Curve customers are now able to make payments as usual. This comes after a three-day outage starting last Friday since Curve’s infrastructural provider Wirecard activities were frozen by the FCA.
Wirecard is a German payments company and its shares have fallen by more than 90% after the auditors from Ernst & Young had raised questions over cash balances worth €1.9bn last week.
Read also: Wirecard collapse freezes accounts of Pockit or Curve customers
The company has filed for insolvency with German regulators. After that, the FCA has imposed restrictions on Wirecard UK to cease all regulated activity and freeze all assets and funds.
“Our primary objective is to protect the interests and money of consumers who use Wirecard,” stated the regulator.
Curve, which allows people to use a single card to make payments from any of their bank accounts, told its 1.3 million customers to carry an alternative card because transactions and money transfer would not be possible as a result of the freeze.

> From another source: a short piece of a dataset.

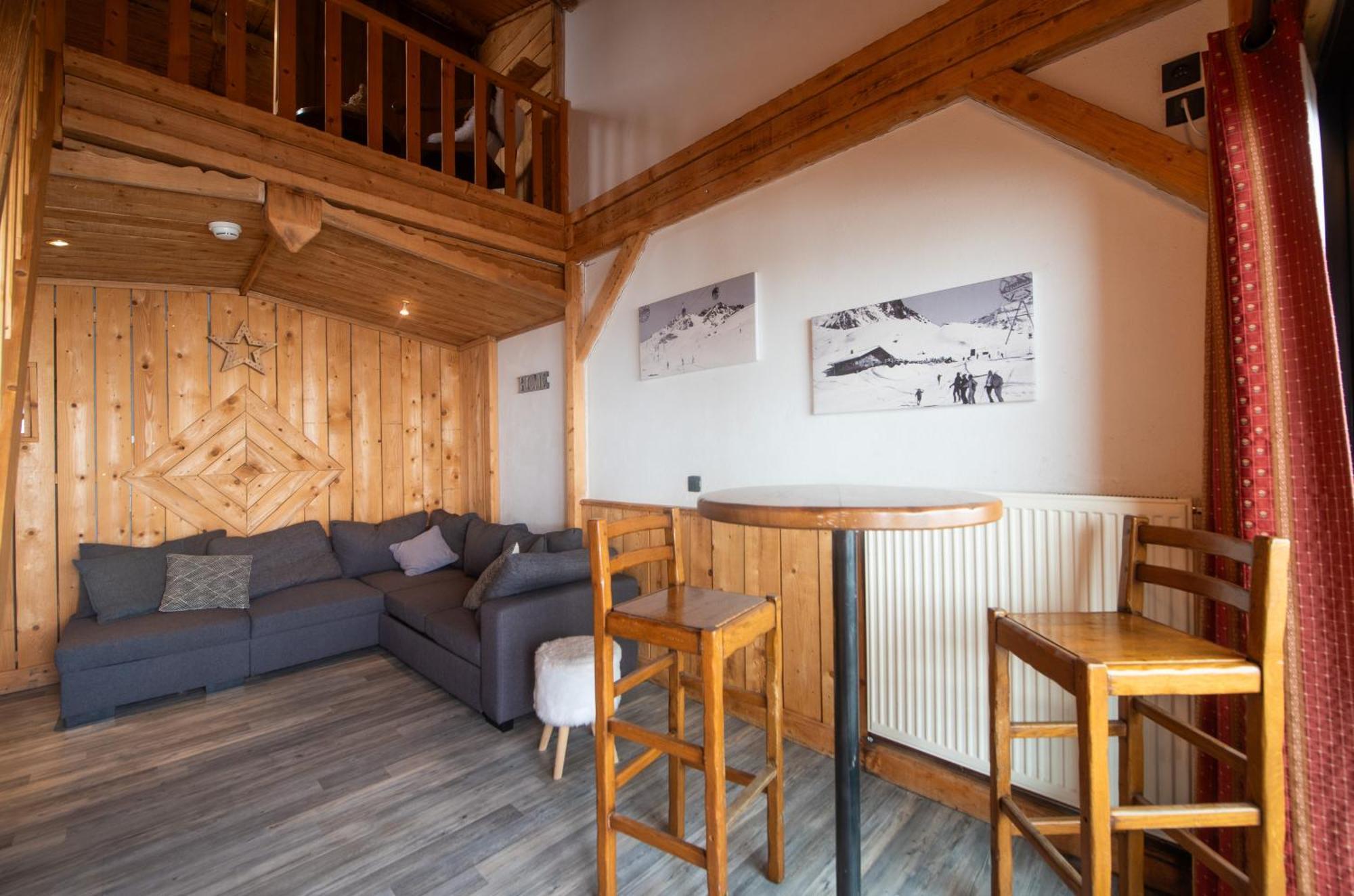 Les Chalets Du Thorens Val Thorens Exterior foto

At around 15:00 last Friday, Curve announced its services were “temporarily suspended”. Curve used Wirecard to issue its cards and process transactions. This meant Curve’s operation depended on Wirecard’s operational support.
The pause on services also saw Curve suspend its cash back reward program Curve Cash, as well as it’s Go Back In Time’ feature. This allows users to put past purchases onto different cards.

The Curve team has been working over the weekend to come up with plans to handle all e-money services in house.
“It’s given us a bit of a shot in the arm. We’ve been able to move that in house bit quicker than we wanted. Which gives us more control. We’ve got a new processor now as well: we’re working with Checkout.com,” Curve’s spokesman said to AltFi.
“It has also united everyone. By pulling long hours over the weekend there is a really good feeling the company to have done this in such a short period of time. It is totally remarkable and probably unprecedented,” they added.